*** Opening Supplied data ***
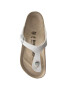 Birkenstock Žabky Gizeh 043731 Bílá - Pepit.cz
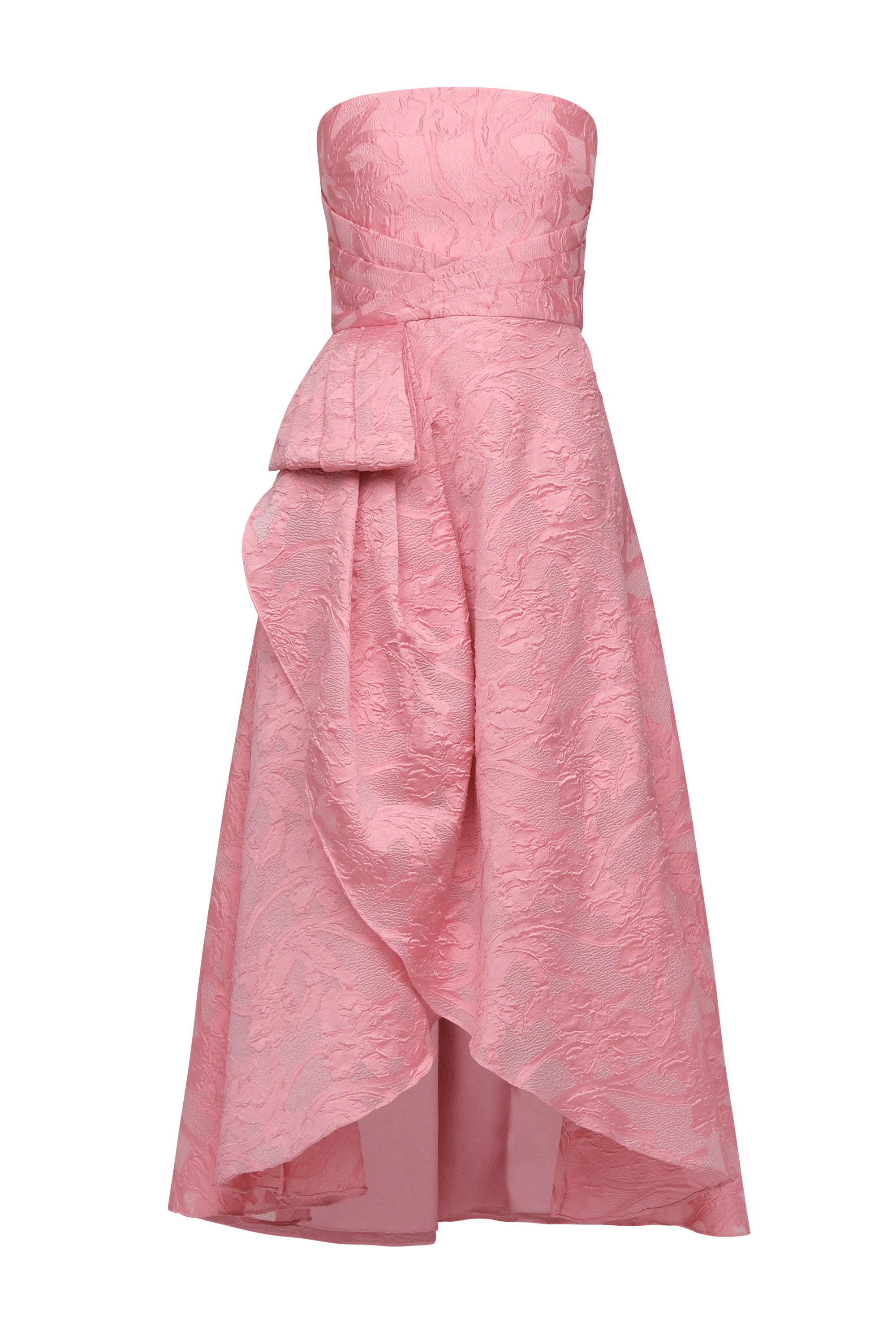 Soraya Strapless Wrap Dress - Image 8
*** Closing Supplied data ***
*** Opening Supplied data ***
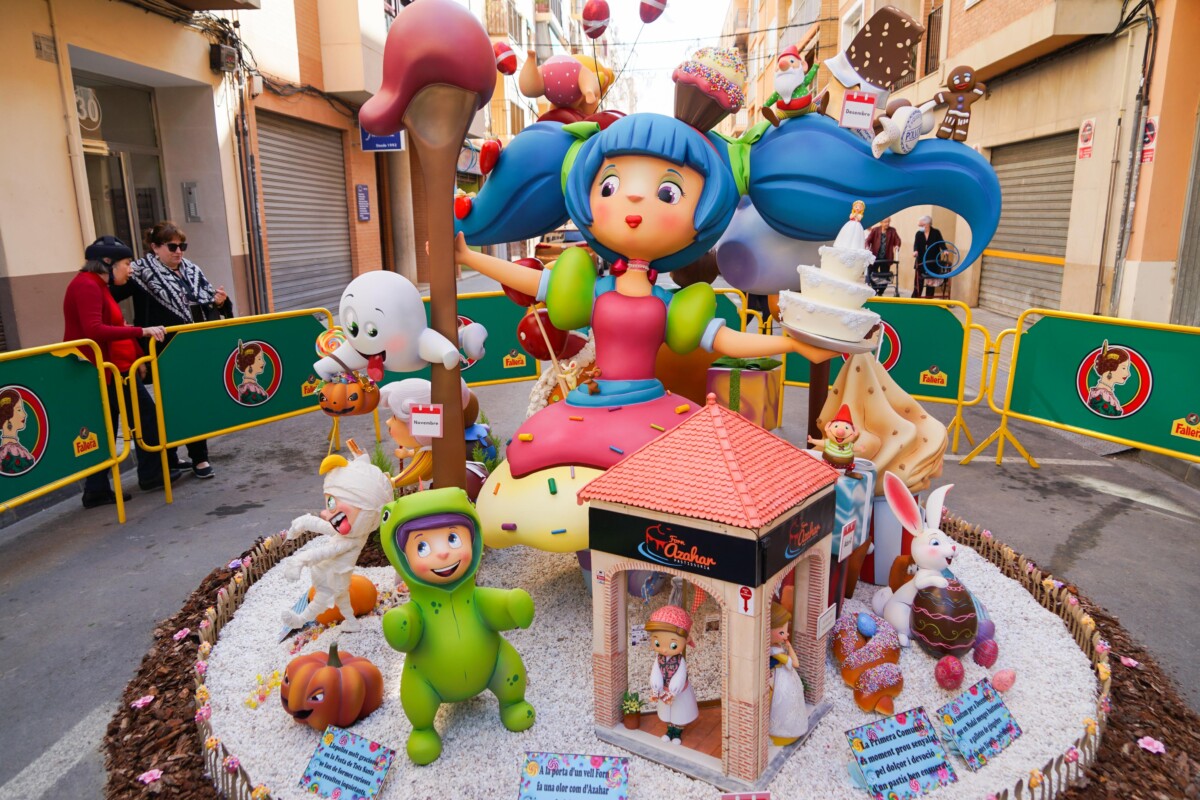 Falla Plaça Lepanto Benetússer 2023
*** Closing Supplied data ***
▸ Instructions for the task:
Using the data above, output the line that has "Birkenstock Žabky Gizeh", the line that has "Soraya Strapless Wrap Dress - Image 8", and whatever lines fall between, each exactly as it stands and without pictures.

▸ Response below:
 Birkenstock Žabky Gizeh 043731 Bílá - Pepit.cz
 Soraya Strapless Wrap Dress - Image 8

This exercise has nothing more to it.